NN topology catalog (supported stacks)

This page lists every routing path the training code can build from YAML nn + training.algorithm + (IQN only) btr:. It complements the narrative pages IQN architecture, PPO actor-critic architecture, GRPO: network and training, BTR options (IQN + paper extras) and the field-by-field Neural network YAML (nn) — full reference in Configuration Guide.

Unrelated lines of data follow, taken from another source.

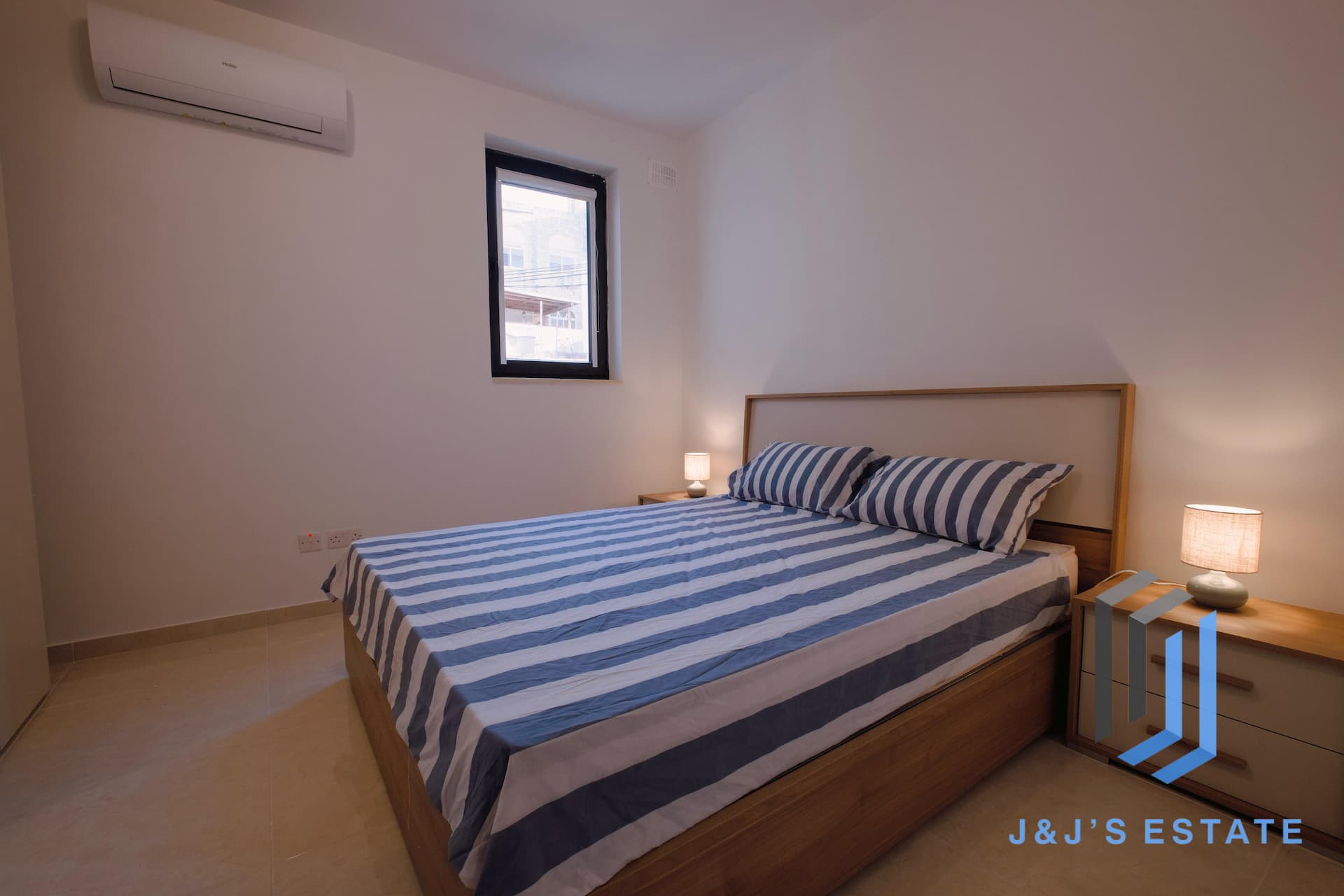Modern & Fully Furnished Two Bedroom Apartment in Mellieha · 7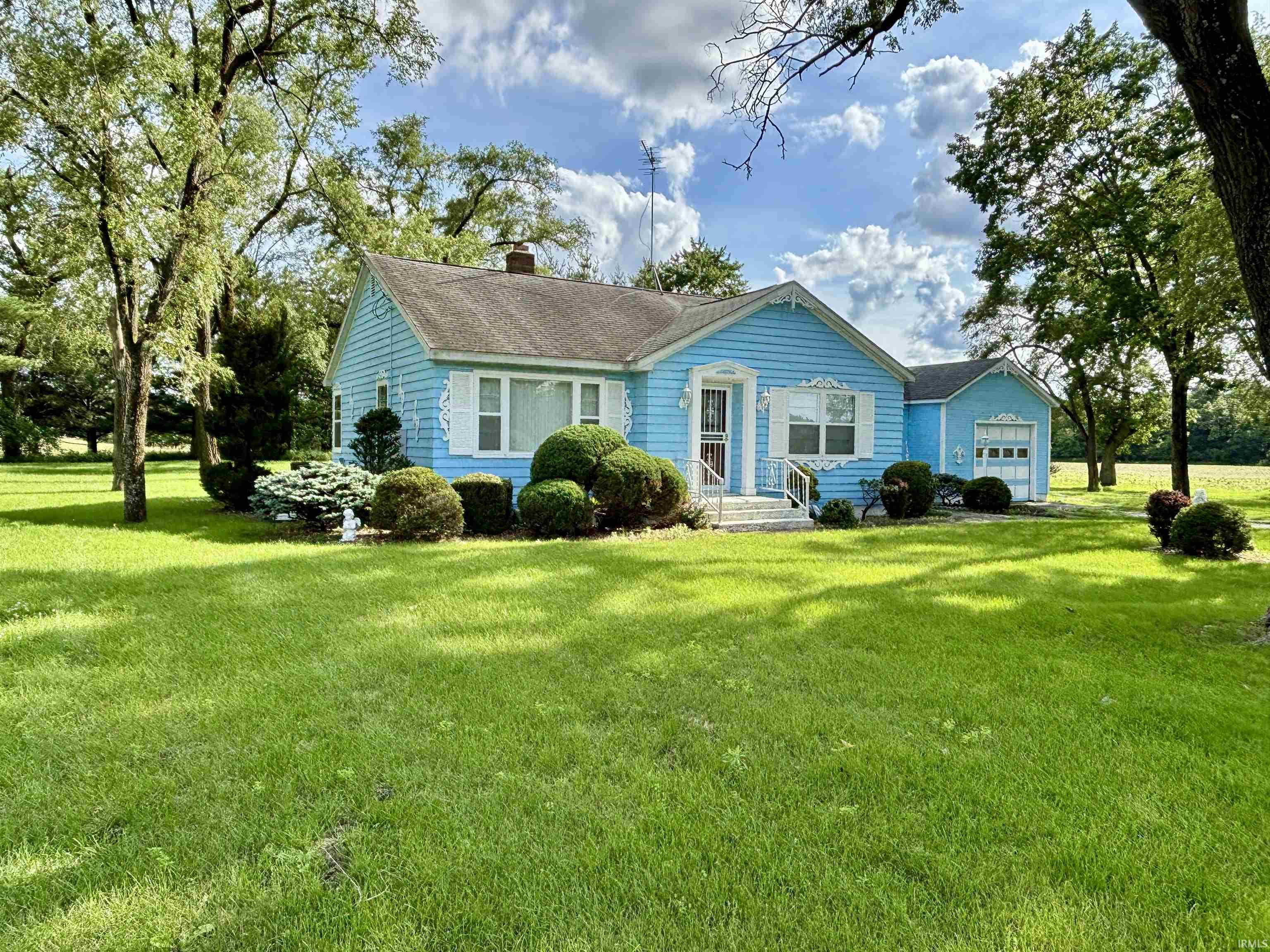 1655 W State Road 10 North Judson IN 46366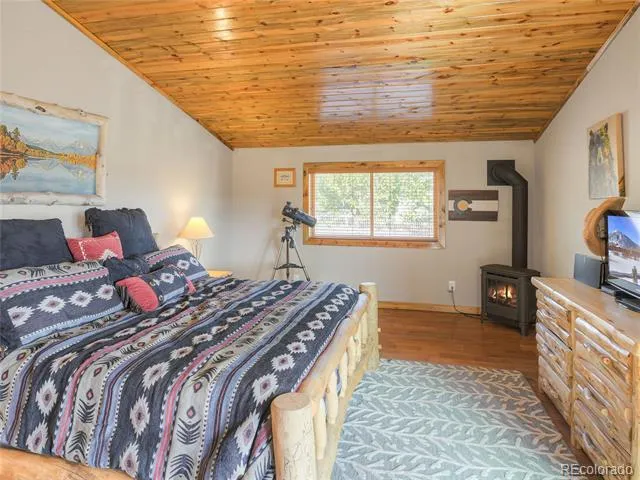 2867 Willow Creek Lane Fairplay, CO 80440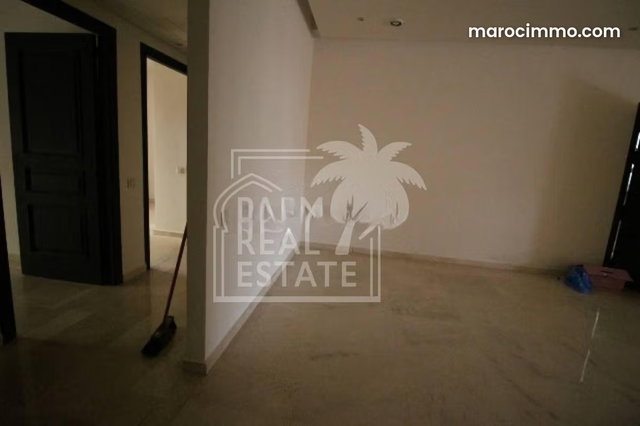 A vendre appartement de luxe a plazza — 5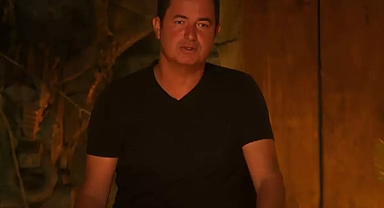 Survivor All Star 2025'te Beklenmedik Bir Aşk Hikayesi Başladı! Acun Ilıcalı Duyurdu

DPO and GRPO reuse the same nn routing and built modules as PPO (get_wiring("dpo" | "grpo")ppo_wiring). For training semantics, see Configuration Guide (DPO configuration (dpo:), GRPO configuration (grpo:)) and GRPO: network and training.

Authoritative schema: config_files/nn_schema.py (NnConfig). Factory: trackmania_rl/agents/policy_models/multimodal_torch_fusion.py (TorchMultimodalActorCritic, build_multimodal_fusion_uncompiled), ppo_wiring.py, iqn.py (build_iqn_network_uncompiled), hf_actor_critic.py.

Vision branch name in code is from infer_vis_branch(nn.vis) in nn_schema: none (no_image), cnn, native_transformer (transformer with use_hf_backbone: false), hf_transformer (transformer with use_hf_backbone: true).

Warning

Most nested nn models use Pydantic extra="ignore". Unknown or misspelled keys under nn.* are silently dropped at load — they do not error. Prefer this catalog + Neural network YAML (nn) — full reference over guesswork.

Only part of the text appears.